Context
Databricks runs a Spark-based batch pipeline on Delta Lake to build daily customer usage tables consumed by finance and product analytics. A bug in a transformation introduced incorrect aggregates, and you need to backfill the last 6 months of data without breaking downstream SLAs or corrupting current production outputs.

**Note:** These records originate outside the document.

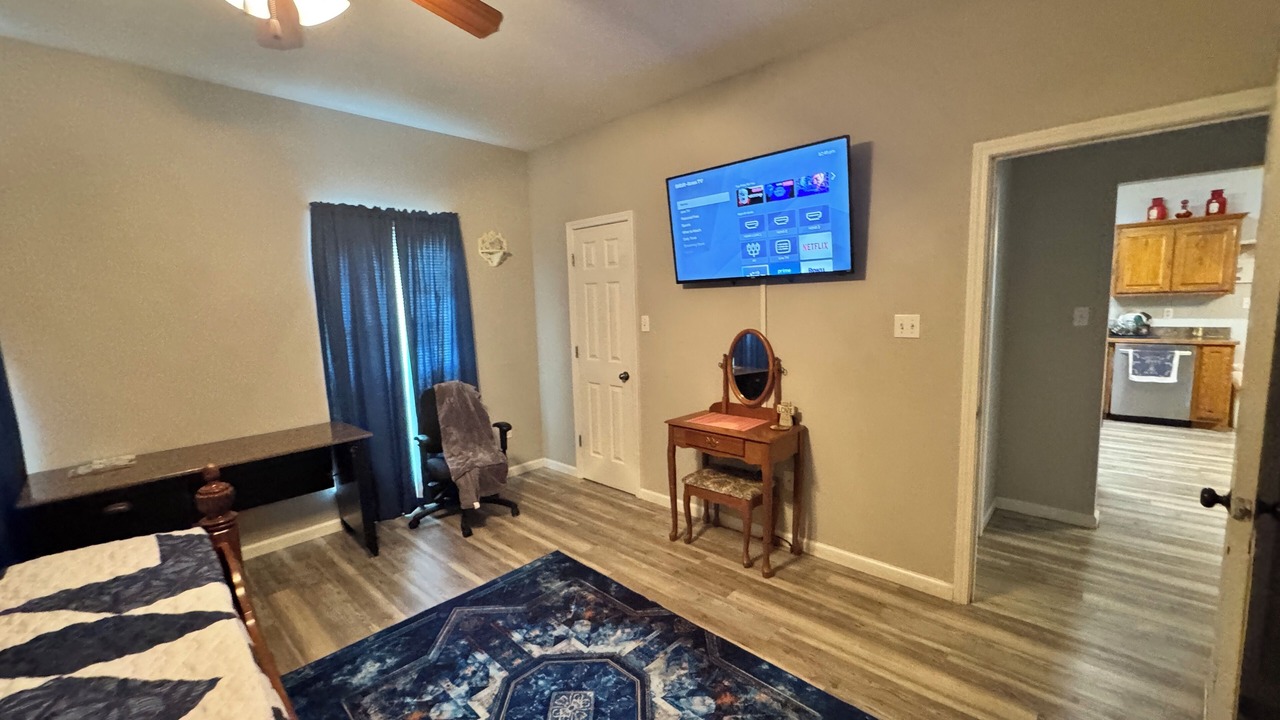 Photo of Bedroom in Wakefield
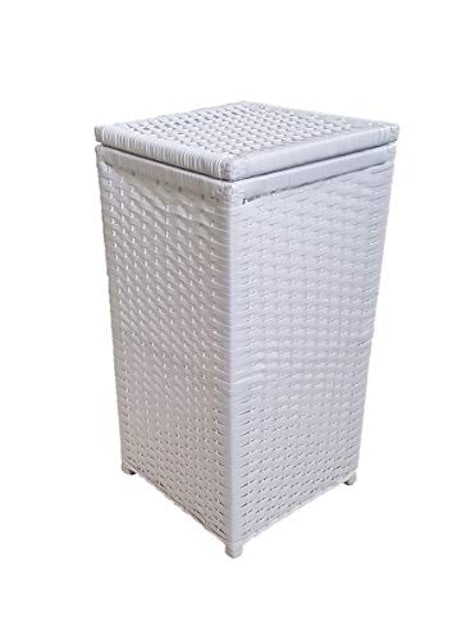 Top 10 Melhores Cestos de Roupa  (Dobrável, com Tampa e mais) 4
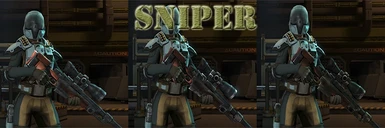 Sniper Normal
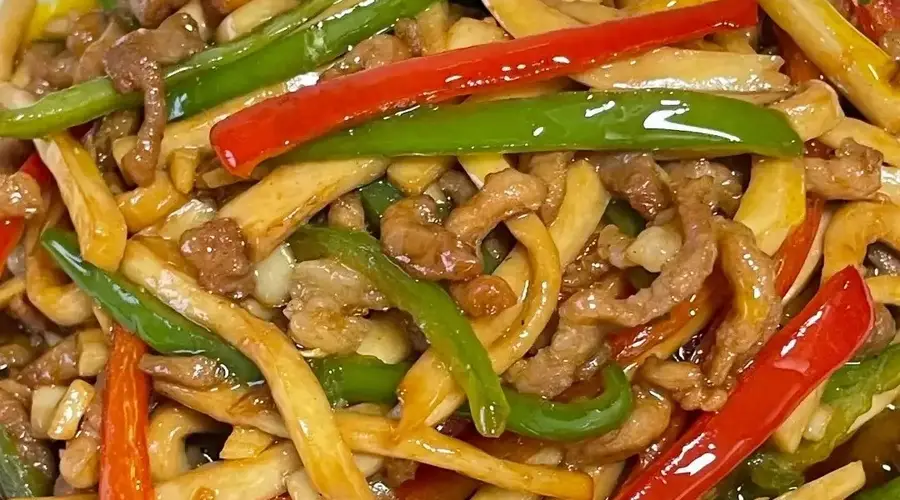 8月7日立秋 这3道“白色饮食”帮你应对秋燥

The current pipeline uses Databricks Workflows for orchestration, Auto Loader for landing raw files into Bronze, and Delta Live Tables or scheduled Spark jobs to build Silver and Gold tables in Unity Catalog. Design a safe, repeatable backfill strategy.
Scale Requirements
- Historical window: 180 days of data
- Input volume: 2.5 TB/day raw JSON and Parquet, ~450 TB total historical scan
- Daily records: ~8 billion events/day
- Target latency: complete backfill within 72 hours
- Freshness constraint: ongoing daily production pipeline must remain under 90 minutes end-to-end
- Storage: Bronze retained for 13 months; Silver/Gold stored in Delta Lake with Change Data Feed enabled
Requirements
- Design how you would partition and orchestrate the backfill across 180 days using Databricks Workflows.

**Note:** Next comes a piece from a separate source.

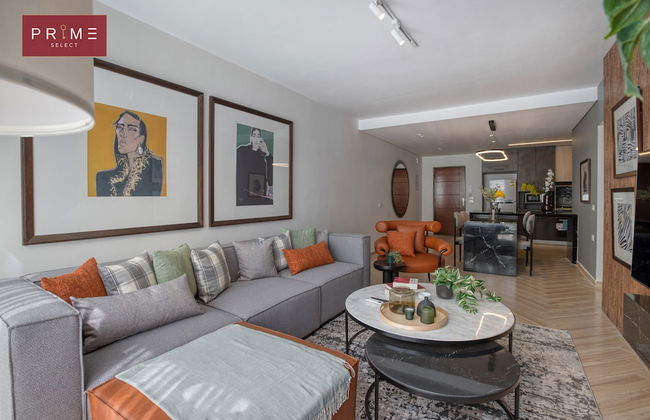 Prime Select Galleria moon valley - Foto 22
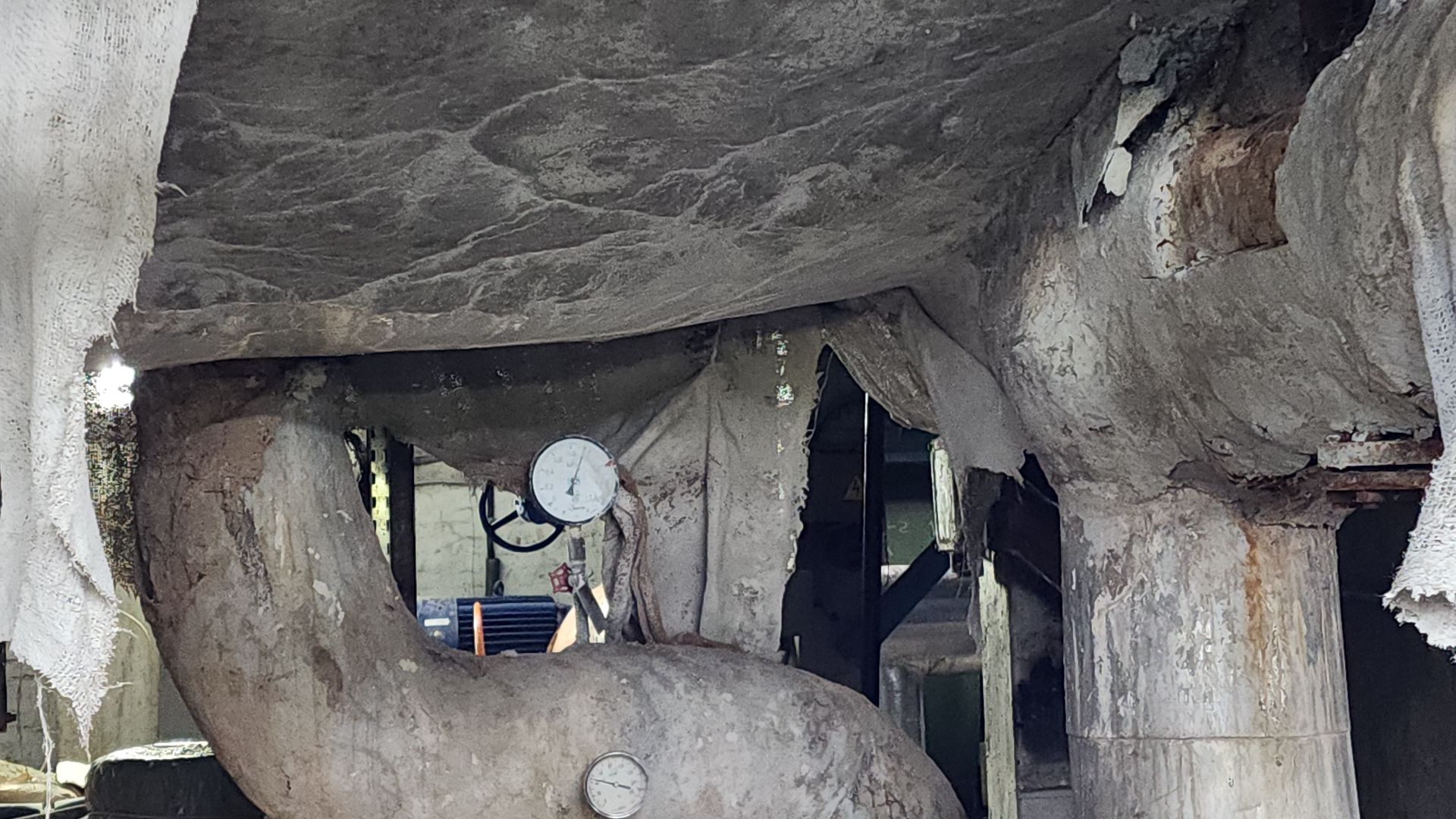 электросталь, жкх, жкх подмосковья, котельная, отопительный сезон, мой город,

- Explain how you would isolate backfill writes from the live pipeline and safely merge results into production Delta tables.
- Ensure the process is idempotent so rerunning any failed date range does not create duplicates or inconsistent aggregates.

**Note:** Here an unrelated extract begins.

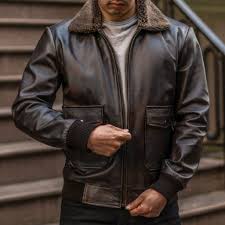 Rugged and Refined: A Look at Men’s Leather Biker Jackets post thumbnail image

- Describe how you would handle schema evolution, late-arriving records, and dimension table changes during the backfill.
- Define data quality checks before promoting backfilled data to downstream consumers.
- Include rollback, retry, and observability strategies using Databricks-native capabilities where possible.
Constraints
- Use Databricks on AWS with Unity Catalog-managed Delta tables.
- No full downtime for downstream BI consumers.
- Cluster budget is capped at $18K for the backfill run.
- Finance reports require reproducible numbers; all changes must be auditable.
- You may assume source data in cloud object storage is complete, but some partitions contain duplicate files and occasional schema drift.